"Critics are like eunuchs in a harem; they know how it's done, they've seen it done every day, but they're unable to do it themselves." - Brendan Behan
Monday, December 6, 2010
Muses in my midst VIII
(Alice Faye in "The Gang's All Here.")
For the worrying multitudes, relax. Frank Lloyd Wright and Michelangelo have finally gotten their act together, and the pantheon is ready to re-open for Christmas. I've had to do some serious soul-searching as to who is to host the opening-night Yuletide cotillion. Merman always cracks the crystals in the chandelier. Dietrich makes the queens hyper-ventilate. And Betty Grable keeps chewing gum. The answer is obvious: the eternally likable Alice Faye. Climbing the ladder from Jean Harlow wannabe to America's own shopgirl thrush, she was the reigning star of the 20th Century Fox musical from 1938 until her retirement from films in 1945. She could wisecrack with Mae Westian aplomb, wring glorious tears out of her made-for-Technicolor eyes, and even steal candy from America's most illustrious youngster, filching a scene from Shirley Temple while singing "You Gotta Eat Your Spinach, Baby." Faye made suffering at the hands of such scoundrels as Don Ameche and Tyrone Power as moving an art form as any geisha performing in a tea house.

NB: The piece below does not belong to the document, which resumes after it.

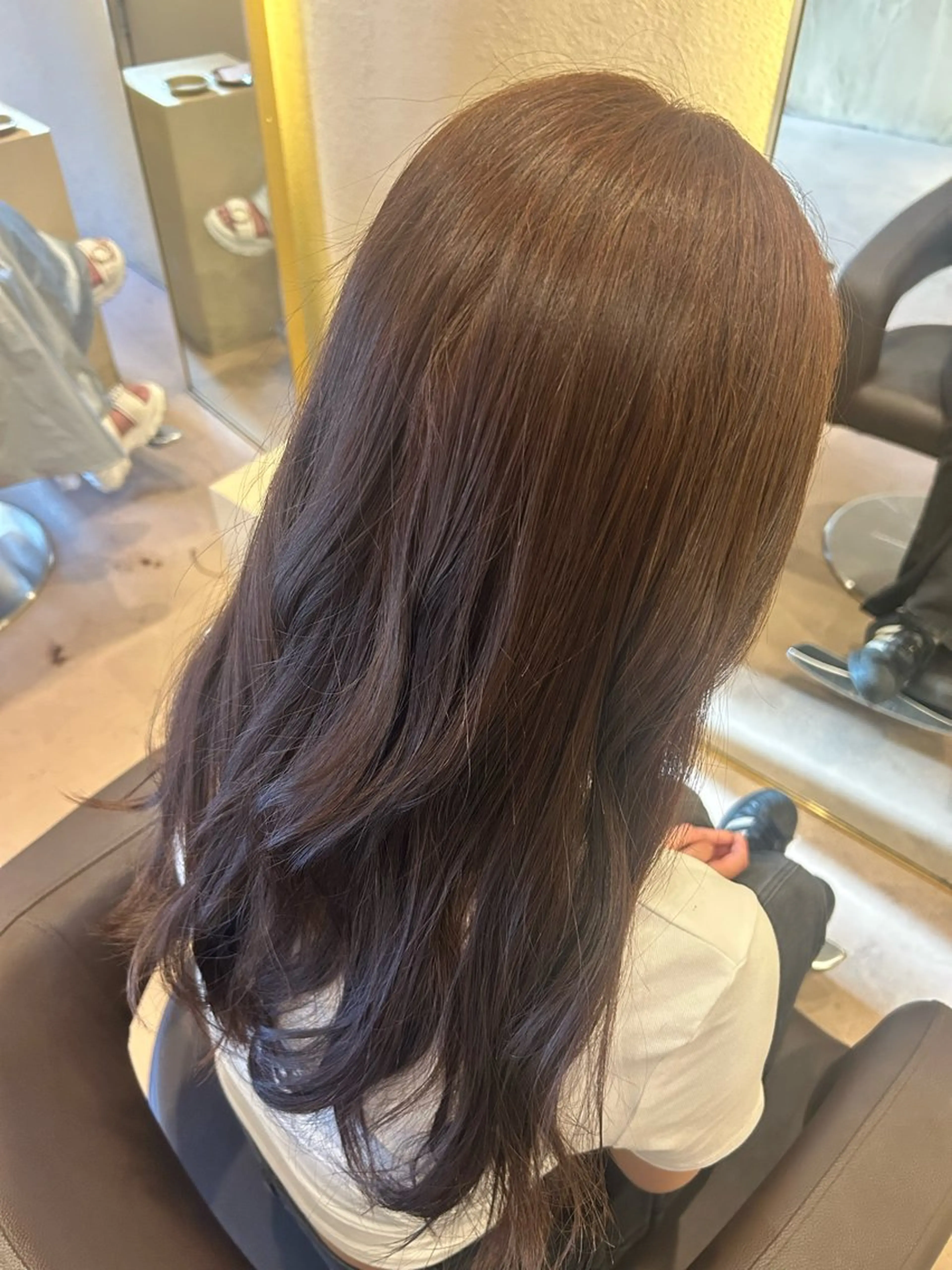 カラー Eliss 堀江所属・山田 芹菜のヘアスタイル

Garland got "Over the Rainbow" and "Have Yourself a Merry Little Christmas," but Faye got the third musical plum of Hollywood Americana. No one who lived through World War II can help holding back the wave of nostalgia when she breaks into Harry Warren and Mack Gordon's "You'll Never Know" (from "Hello, Frisco, Hello"). If you want to sample the ultimate Alice Faye vehicle, we suggest Irving Berlin's "Alexander's Ragtime Band." She also accomplished something very rare for a movie star. She got out of the business in time to have a deliriously happy marriage with comedian and band leader Phil Harris, with whom she had a second career in radio. Faye elegantly ended her years promoting senior health for Pfizer. She was a doyenne of good health and good cheer with the poignancy of Garland- minus the pharmaceutical baggage.